US climate envoy John Kerry asks DR Congo to ditch some oil blocks

John KErry

US Senator John Kerry (centre), special envoy of the President of the United States delivers his speech during the Conference of African Ministers on the Environment in Dakar on September 15, 2022.

Photo credit: AFP

United States Climate Envoy John Kerry on Tuesday said Washington had asked the Democratic Republic of Congo to abandon some oil blocks that it put up for auction in sensitive environmental areas.

The DRC's government launched bids for 30 oil and gas blocks in the impoverished central African nation in July.

But the move was controversial, drawing criticism from green groups which warned that drilling in the Congo Basin's rain-forests and peat-lands could release vast amounts of heat-trapping gas.

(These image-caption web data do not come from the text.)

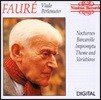 Vlado Perlemuter 포레: 녹턴 1번, 즉흥곡 2번, 뱃노래 외 - 블라도 페를뮈테르 (Faure: Nocturnes, Barcarolle, Impromptu, Theme and Variations)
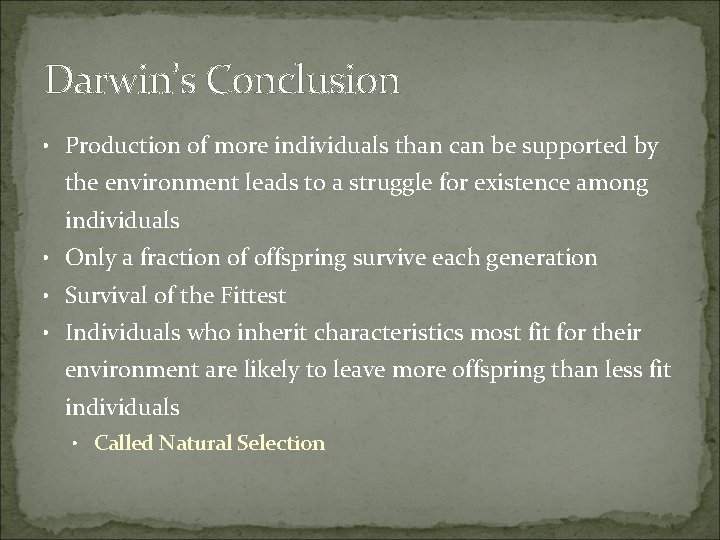 Darwin’s Conclusion • Production of more individuals than can be supported by the environment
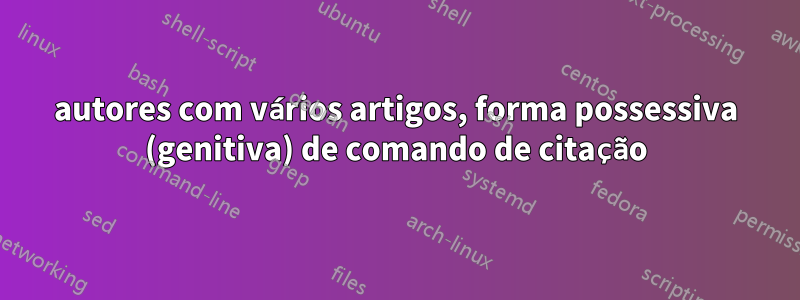 autores com vários artigos, forma possessiva (genitiva) de comando de citação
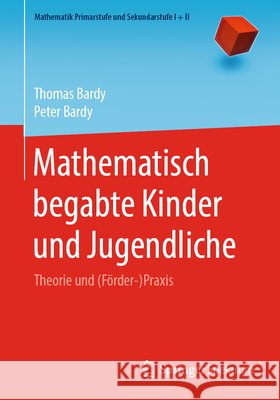 Mathematisch Begabte Kinder Und Jugendliche: Theorie Und (Förder-)Praxis Bardy, Thomas 9783662607411 Springer Spektrum - książka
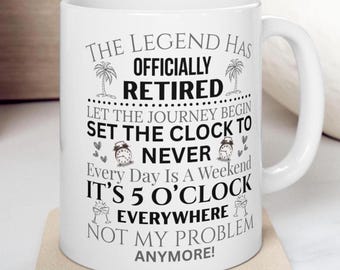 The Legend Has Officially Retired, Inspirational Ceramic Coffee Mug, Motivational Quote for Everyday Use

Speaking to reporters at the pre-COP27 climate talks in Kinshasa, Kerry said the United States had asked the DRC's government to "withdraw some tracts to protect the forest".

The former US secretary of state also said there was a way to provide employment and economic development without putting sensitive environmental areas such as "really critical peatlands" at risk.

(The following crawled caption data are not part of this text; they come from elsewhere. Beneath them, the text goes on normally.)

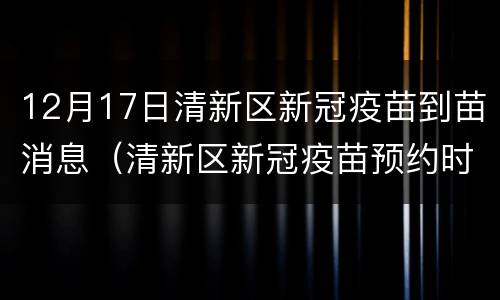 12月17日清新区新冠疫苗到苗消息（清新区新冠疫苗预约时间）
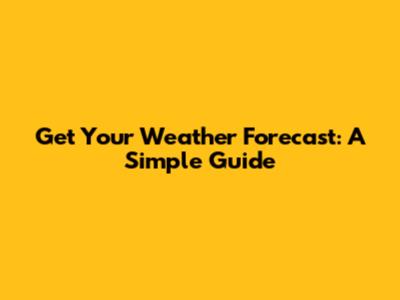 Get Your Weather Forecast: A Simple Guide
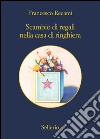 Scambio di regali nella casa di ringhiera. E-book. Formato EPUB ebook di Francesco Recami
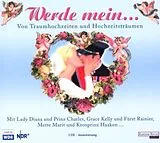 Audio CD (CD/SACD) Werde mein...Von Traumhochzeiten und Hochzeitsträumen von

"We want to balance," Kerry said, adding that he was due to meet Congolese President Felix Tshisekedi to discuss the issue later today.

Scientists have sounded several warnings about the DRC's peatlands, which comprise an area about the size of England.

Around 30 billion tonnes of carbon are stored across the entirety of the Congo Basin, researchers estimated in a study in Nature in 2016. The figure is roughly equivalent to three years of global emissions.

The Congolese government has maintained that exploiting its oil and gas resources is an economic necessity that could help its citizens.

Some three-quarters of the Congolese population live on less than $1.9 a day, according to World Bank figures, despite the DRC enjoying huge reserves of minerals, ranging from gold and copper to cobalt.

Addressing delegates at the pre-COP27 opening ceremony on Monday, Congolese environment minister Eve Bazaiba asked if the government should let children die rather than profit from its fossil resources.

"As much as we need oxygen, we also need bread," she said.